_TO DO_
Your response to the data below should hold nothing except the lines from the one containing "数学(新高考Ⅰ卷)03(参考答案).docx_第1页" down to the one containing "Peking Tongrentang Instant", reproduced exactly and without pictures.
(RECORDS FOR THE TASK begins)
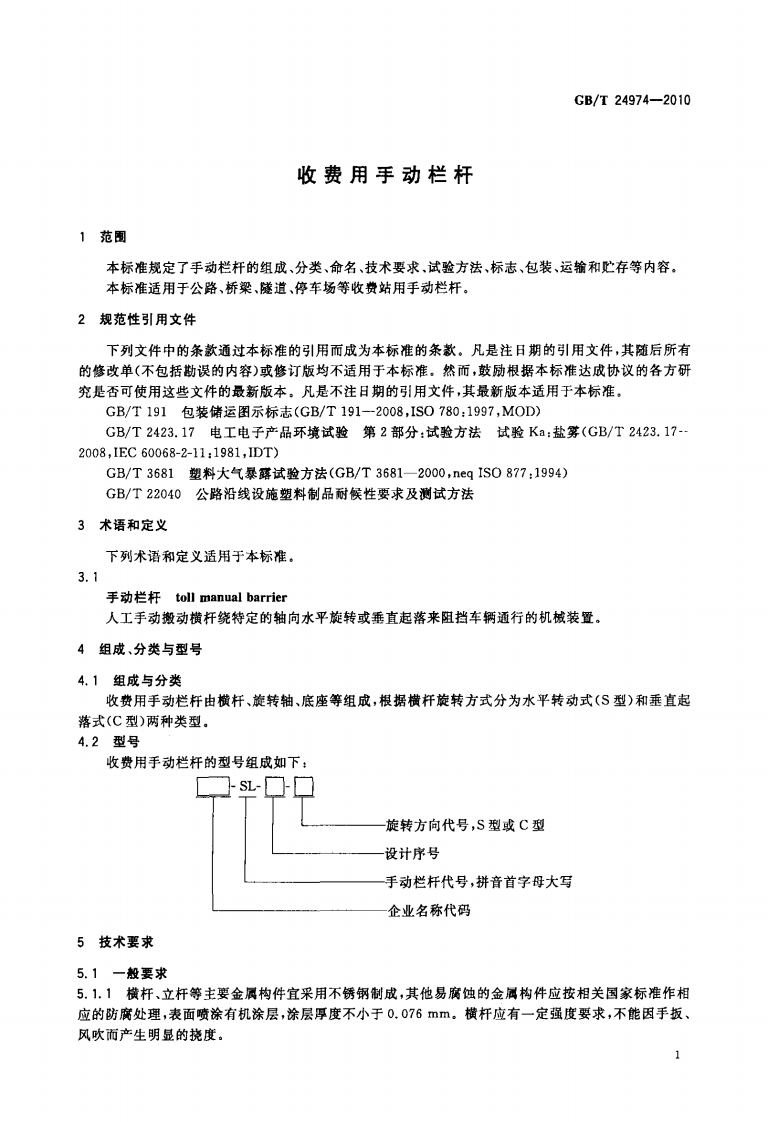 GBT24974-2010 收费用手动栏杆.PDF 第3页
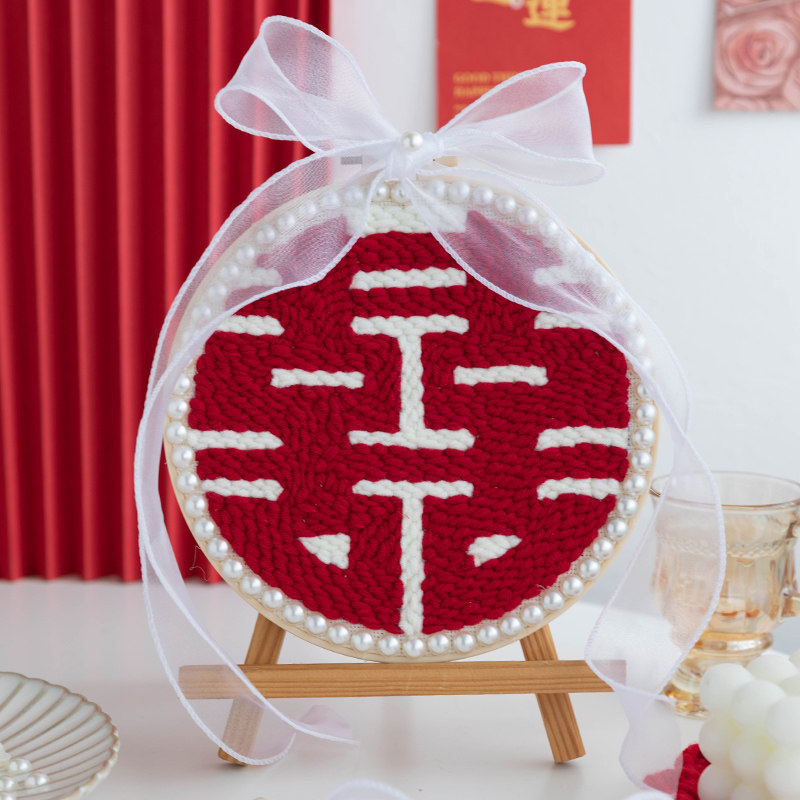 手工diy囍字戳戳绣材料包新手零基础礼K物新婚订婚装饰摆饰送闺蜜,居家布艺,戳戳绣,淘宝优惠券,粉丝福利购,淘宝优惠卷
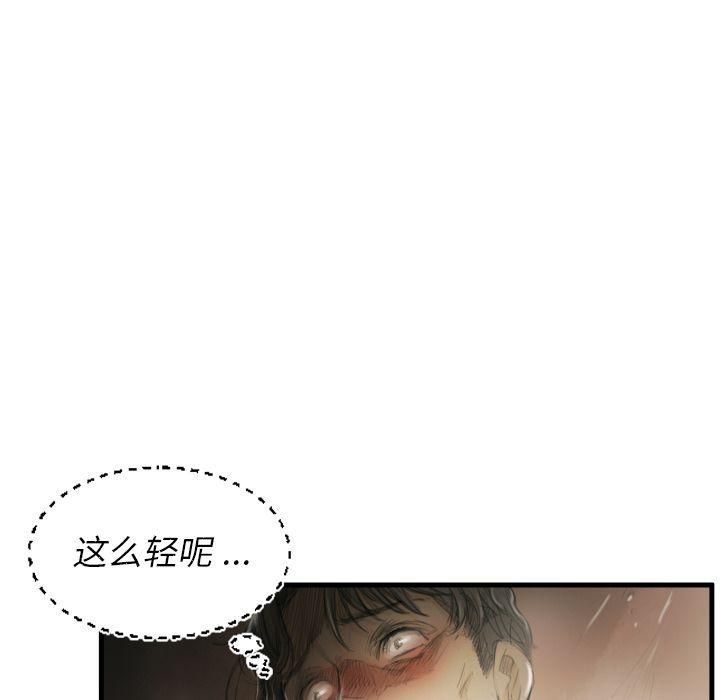 诡秘的姐妹第5话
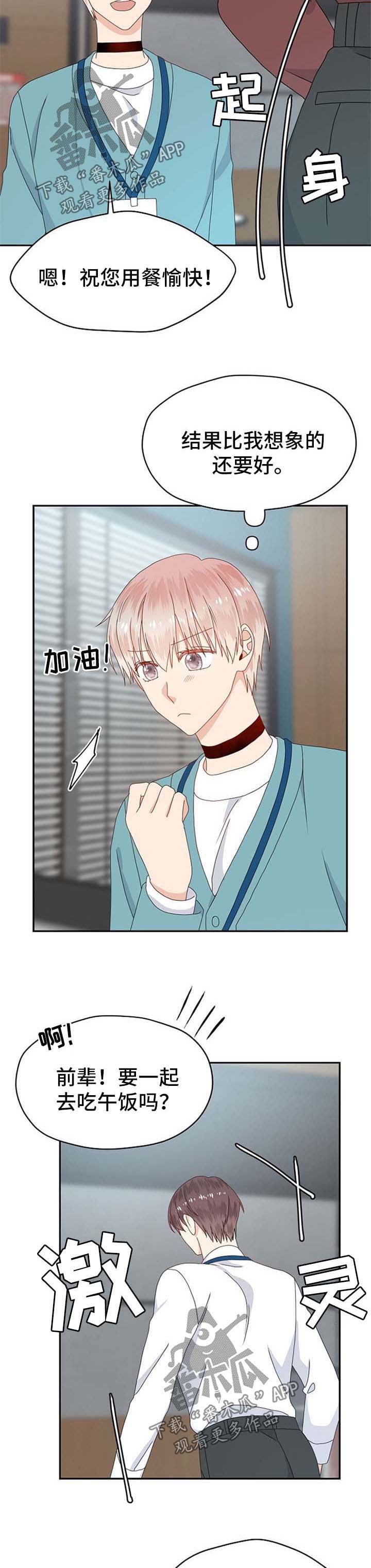 第68话7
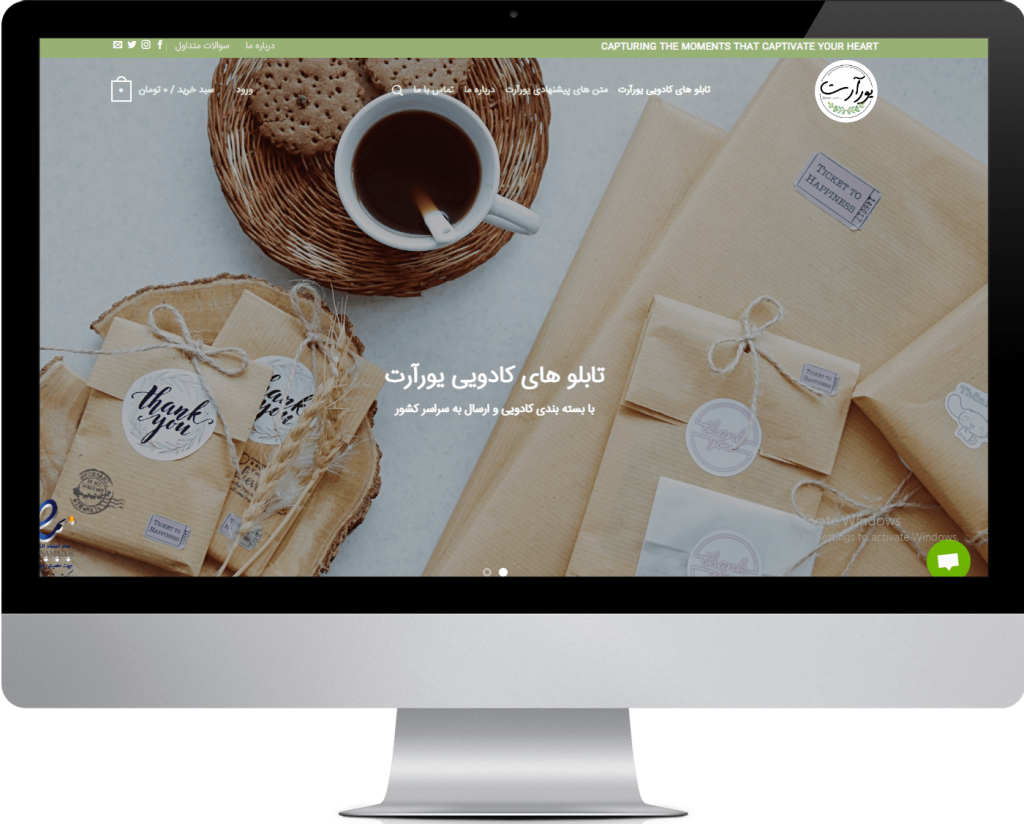 طراحی وب سایت یورآرت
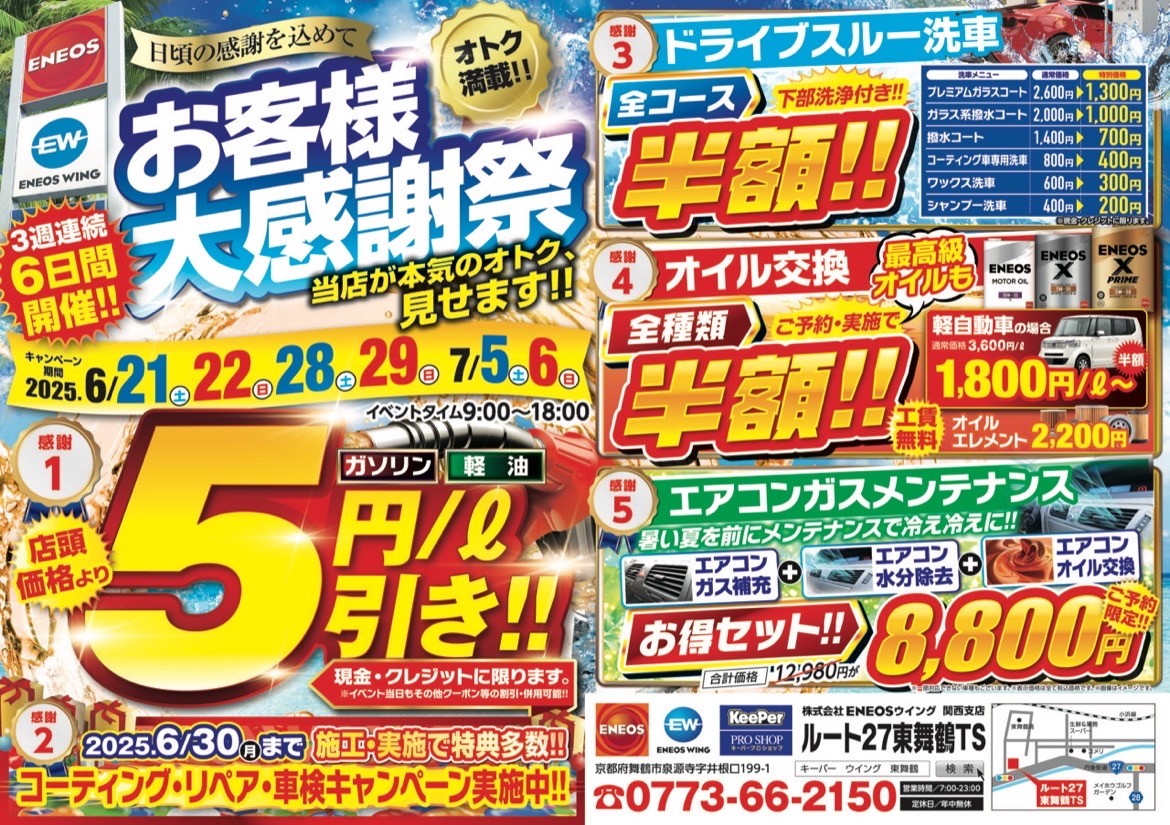 夏本番の大感謝祭、燃料割引＆洗車半額イベント開催中🚗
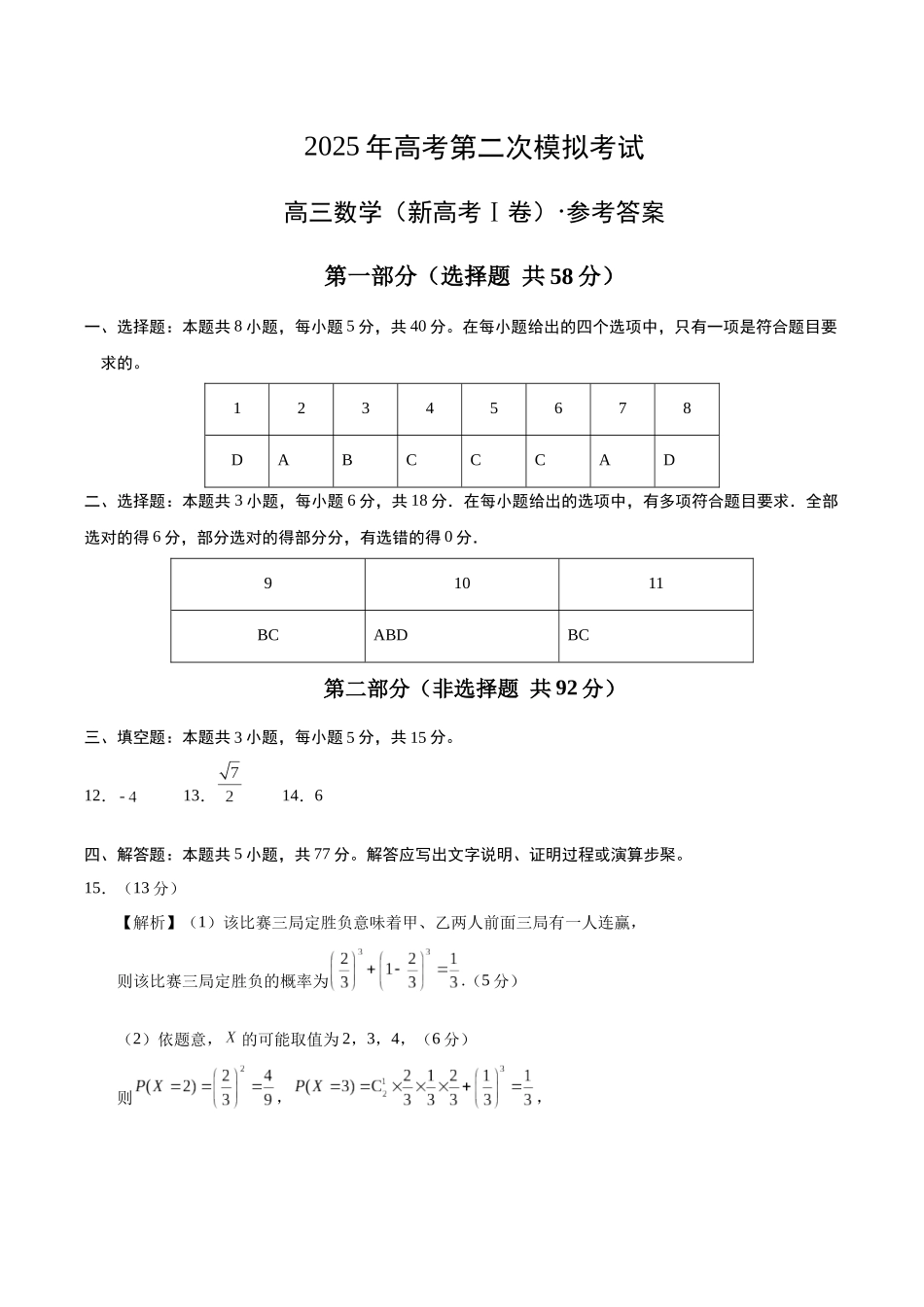 数学(新高考Ⅰ卷)03(参考答案).docx_第1页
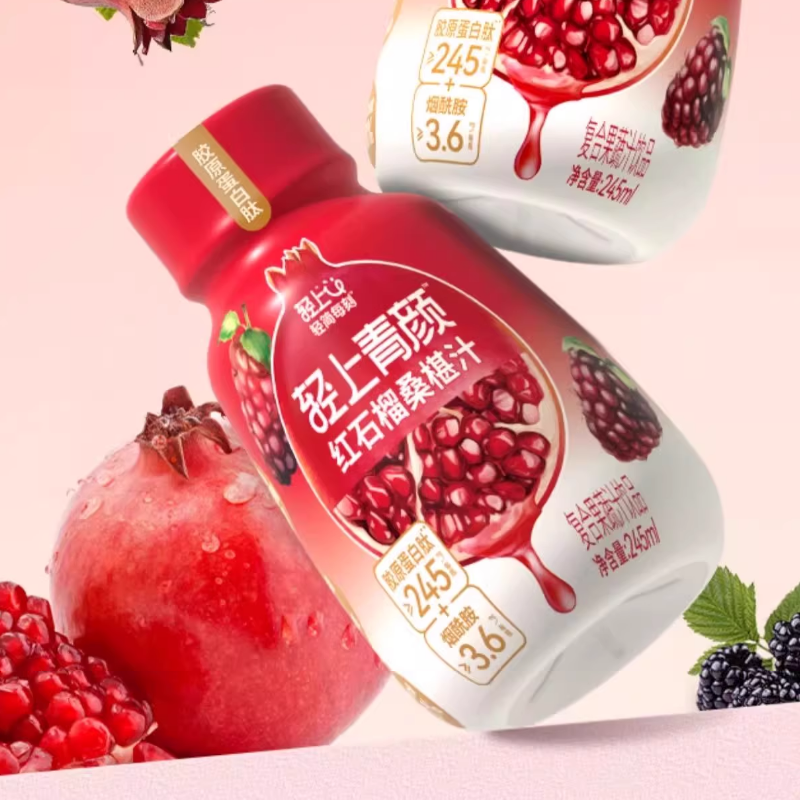 轻上红石榴桑椹汁饮品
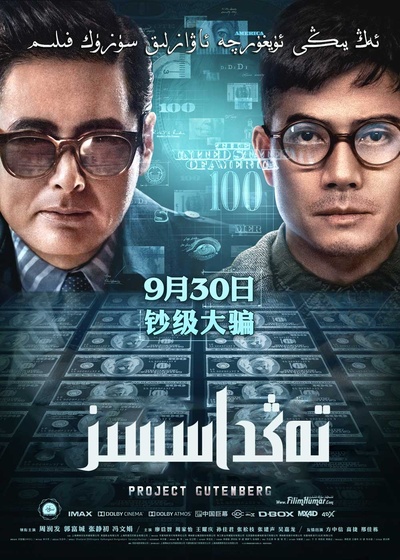 无双的海报-正式海报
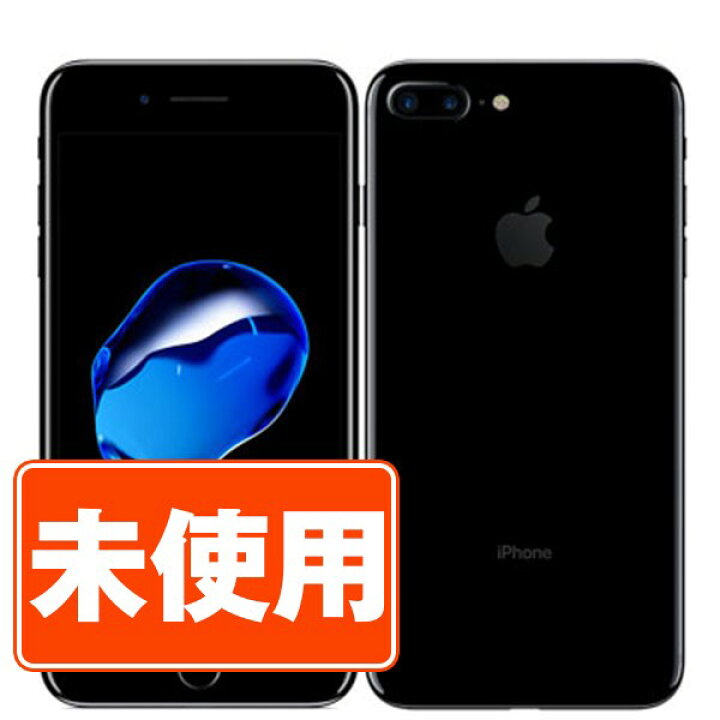 楽天市場】【未使用】iPhone7 Plus 256GB ジェットブラック SIMフリー  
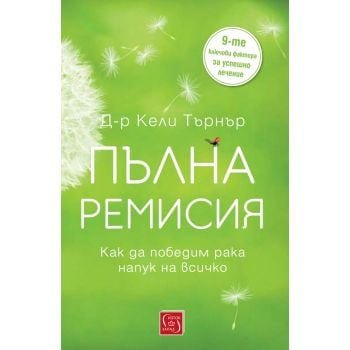 Пълна ремисия. Как да победим рака напук на всичко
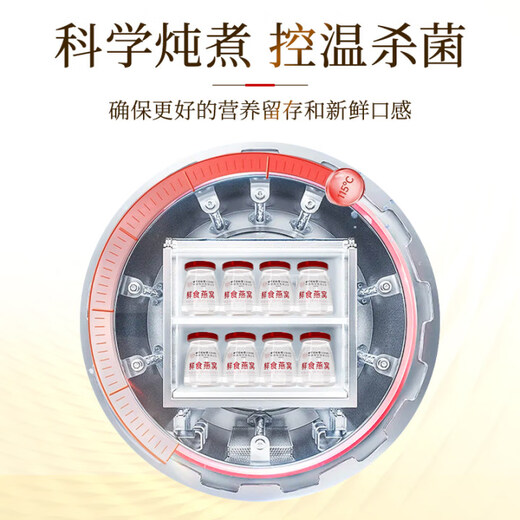 Peking Tongrentang Instant Bird's Nest 40G*28 Flaschen [Qualität Rückverfolgbarkeit] geben schwangere Frauen und Älteste Tonika
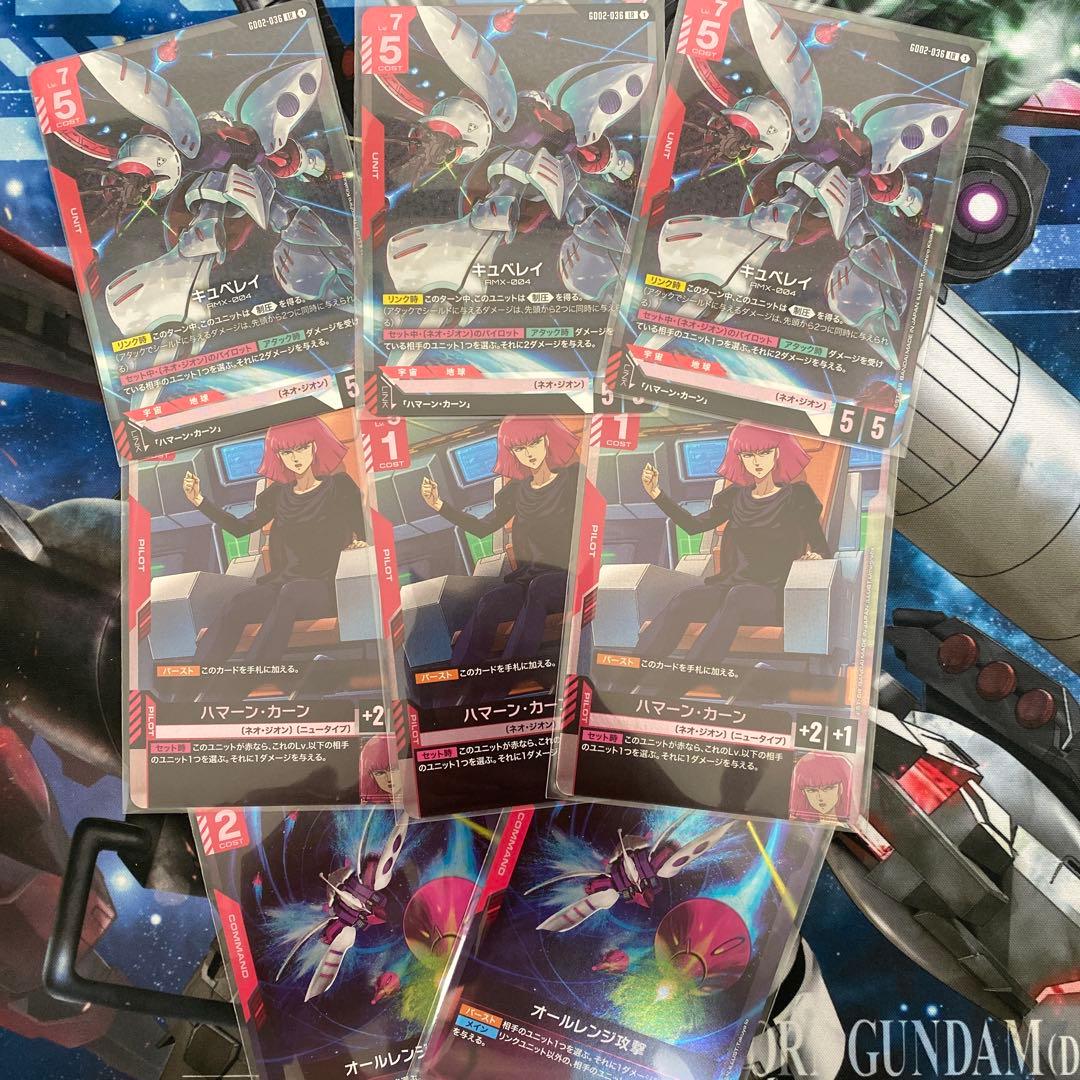 キュベレイ ハマーン・カーン 3セット 1枚ハマーンパラレル - メルカリ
(RECORDS FOR THE TASK ends)
_TASK ANSWER_
 数学(新高考Ⅰ卷)03(参考答案).docx_第1页
 轻上红石榴桑椹汁饮品
 无双的海报-正式海报
 楽天市場】【未使用】iPhone7 Plus 256GB ジェットブラック SIMフリー  
 Пълна ремисия. Как да победим рака напук на всичко
 Peking Tongrentang Instant Bird's Nest 40G*28 Flaschen [Qualität Rückverfolgbarkeit] geben schwangere Frauen und Älteste Tonika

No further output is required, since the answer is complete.